The world rearranged itself around her as she acknowledged the truth of this. She didn’t simply like him. At some point she’d sprinted far beyond that emotion.

“You’re right,” she said. “But it makes me feel better to have your approval anyway.”

The next four hours, Willi sat with her, earning major brownie points by plying her with actual brownies. Then—finally—the door opened and Hartgrave stumbled in.

She threw her arms around him, careful to avoid skin. He pressed her closer.

Willi cleared his throat. “When will we practice?”

“Come by after lunch,” Hartgrave said, voice froggy with exhaustion.

“Okay. Good night—ah, morning.”

When the door closed behind Willi, Hartgrave took her hand—without ill effect—and walked with her to the side-by-side beds.

“Why did it take so long?” she asked. “Did your autodidact refuse to believe in magic?”

He sighed. “She believed, all right. She could see she’d hit on a sure way to protect herself from the neighborhood bad guys, and she didn’t want to hear anything to the contrary.”

“What did you do?”

“I eventually convinced her.”

He raised his free hand in the direction of the chandelier, which obligingly powered down, throwing the room into darkness.

Without letting go of his other hand, she settled against the pillows. “It’s a very good thing, what you’re doing.”

He sighed again, saying nothing. It must be hard for him not to think of the autodidacts who couldn’t be persuaded. The situations where he had to go home withoutsuccess, then watch from Ashburn as the green dot blinked out because the person it represented was dead.

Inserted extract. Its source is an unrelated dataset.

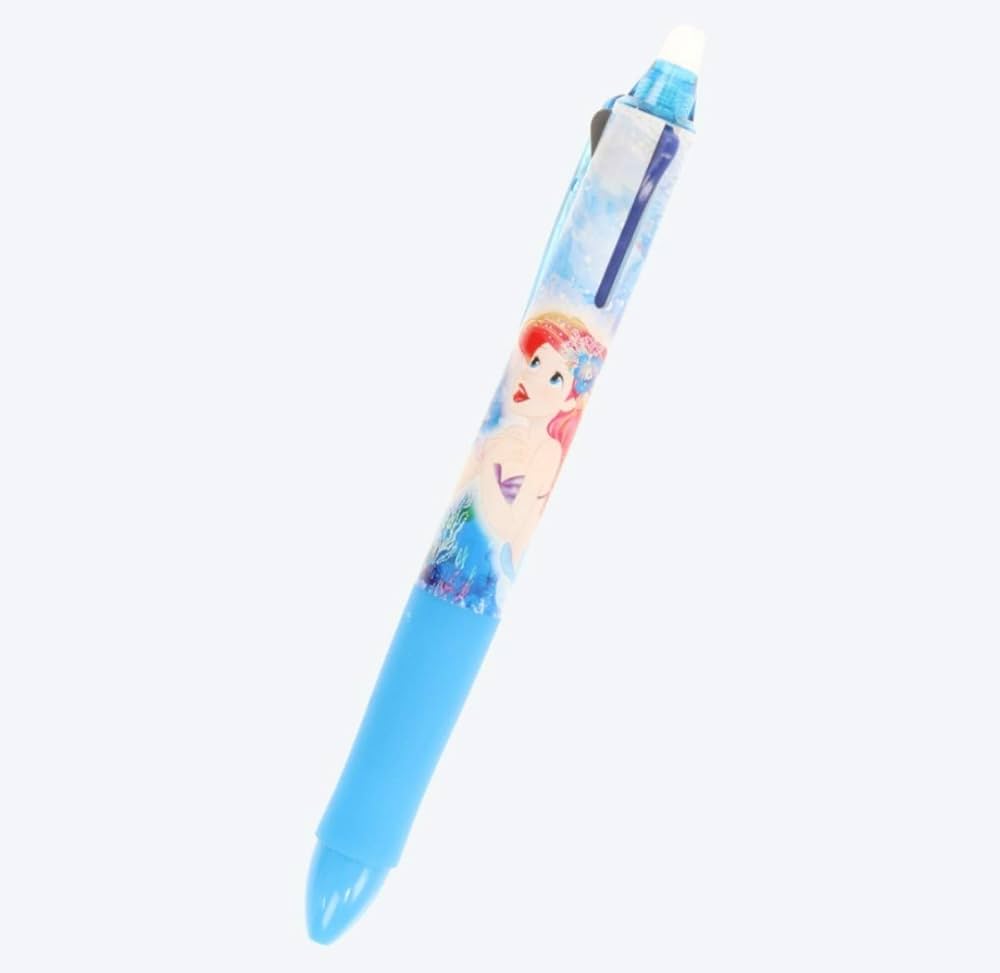 Amazon | アリエル フランダー フリクション3色ボールペン リトル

Which reminded her: How had he avoided becoming a dot (or whatever its equivalent was) on the Organization’s tracking system?

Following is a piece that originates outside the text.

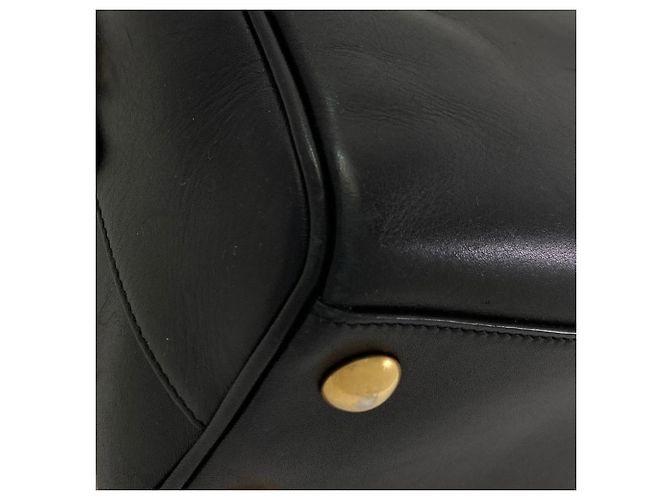 Borsa Baby Duffle 2 in 1 Yves Saint Laurent Nero - vista 25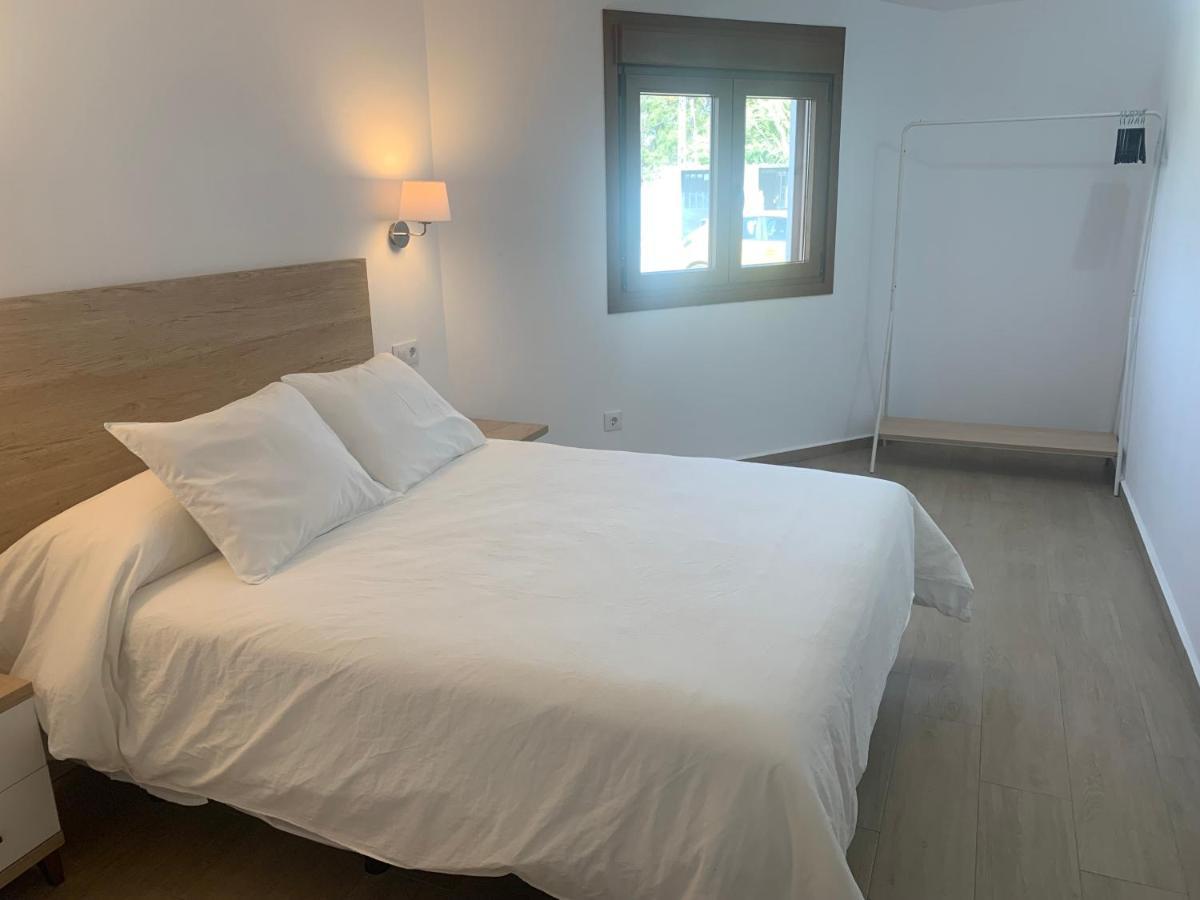 Apartamentos Villa Pirata Tarifa Exteriör bild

He didn’t seem to be near sleep. He was rubbing circles on her palm in an absentminded fashion. She turned over to look at him, a dark shape in the shadows to her still-adjusting eyes.

“Hartgrave?”

“Mm?”

“You never told me how you steered clear of the Organization before you found Bernie and this room.”

The circles on her palm stopped.

“Their tracking system is relatively recent,” he said. “Before, their only options were fanning out randomly to look for tell-tale auras and finding the occasional online boaster.”

“Oh. They would miss a lot of people that way, wouldn’t they?”

“Yes,” he said. Bitterly.

“Was Willi’s wife—that is, did the system come online before ... ?”

This time, his “yes” was barely a whisper.

She swallowed. “I’m sorry.”

“Not as much as”—he shifted in the bed, turning toward her—“as Willi is, I assure you.”

Easy to recall the way the man had looked that evening, reliving his wife’s death while Hartgrave tried to save another self-taught convincer. She’d never lost a loved one to anything but old age and could only imaginethe heartache. What if it had been her parents instead of his wife? What if it had been Hartgrave?